It probably wouldn't, but it might help. Just like it helps having P2P
instead of centralized warez sites helps prevent the copyright owners from
taking stuff offline.
> If a user can get a pointer to get some illegal
> content, the party that provided the pointer can be found liable,
Well, sure. The owners would have to not blatantly acknowledge that they're
helping distribute copyrighted files.
The benefit is that if someone comes and confiscates your servers, there's
zero information on the server that would say any of the links are to
copyrighted material. It would be like a site full of tinyurl URLs getting
sued for pointing at copyrighted information.
> least if they didn't show due diligence in cleaning up their
> index/tracker/whatever.
And how would you do that, without downloading every torrent posted to your
own server without
> How would your system work in practice (from a
> user point of view) ?
I'm guessing you could make it look a lot like bittorrent does right now.
For example, the protocol could be changed that if you include a file called
README or MANIFEST or some such, that file gets hashed into a bloom filter
and the result is tacked onto the .torrent file. (You'd probably have to
take the file names *out* of the .torrent file and put it into a file inside
the torrent data itself.)
When you wanted to do a search, you put in your search terms, your *client*
generates a bloom filter, sends it to the search server, which looks thru
its torrents to find matching ones, and sends the matching torrents back to
you. The client would then connect to each such torrent, download the
README/MANIFEST/whatever file, make sure the bloom match worked, and if so,
show it to you and ask if you want to download the rest of the stream.
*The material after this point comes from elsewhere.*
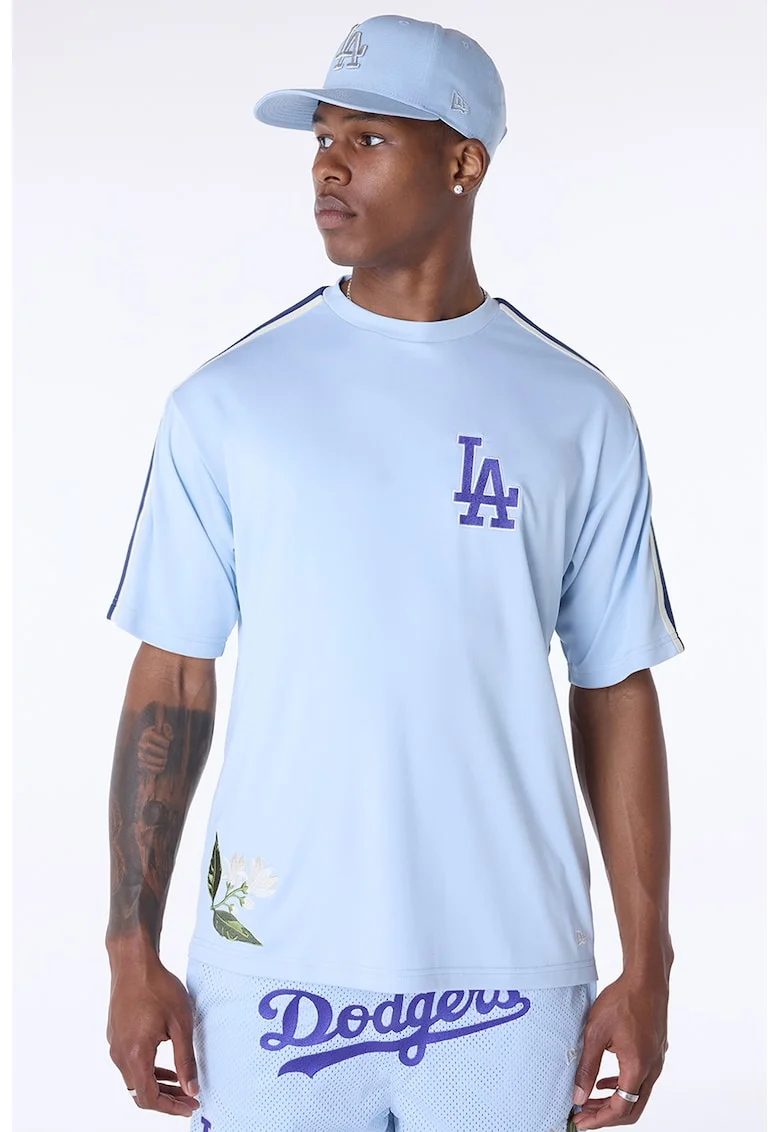 Tricou cu detaliu floral brodat, Albastru pastel/Bleumarin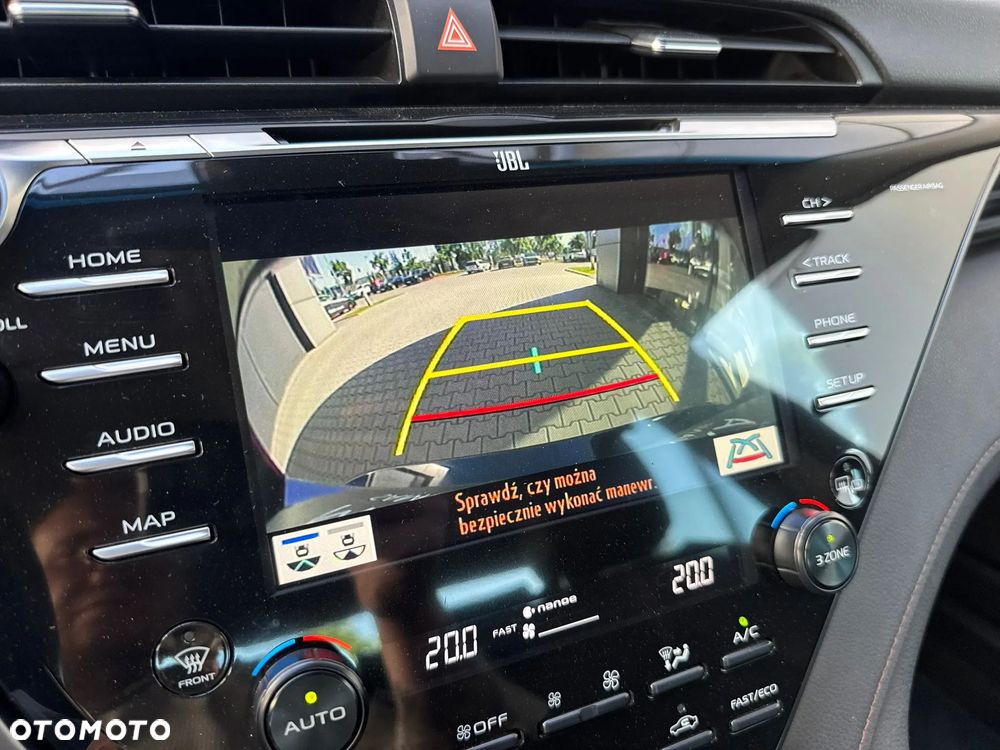 Toyota Camry 2.5 Hybrid Executive CVT - 13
The server, in the meantime, shouldn't return too many search results, to
prevent attackers from doing offline searches of the bloom filters. I.e.,
the server needs to make sure there are significant amounts of search text
(as in, enough bits set to imply s sufficiently long search string that
you're unlikely to get too many false positives) in the incoming filters.
Of course it's not going to be complete protection. It's another layer of
plausible deniability just like DHT is. The only good solution is a good
distributed search algorithm. Bloom filters just make it possible to do a
full-text search without any party knowing what you're searching in or what
you're searching for.
--
Darren New, San Diego CA, USA (PST)
There's no CD like OCD, there's no CD I knoooow!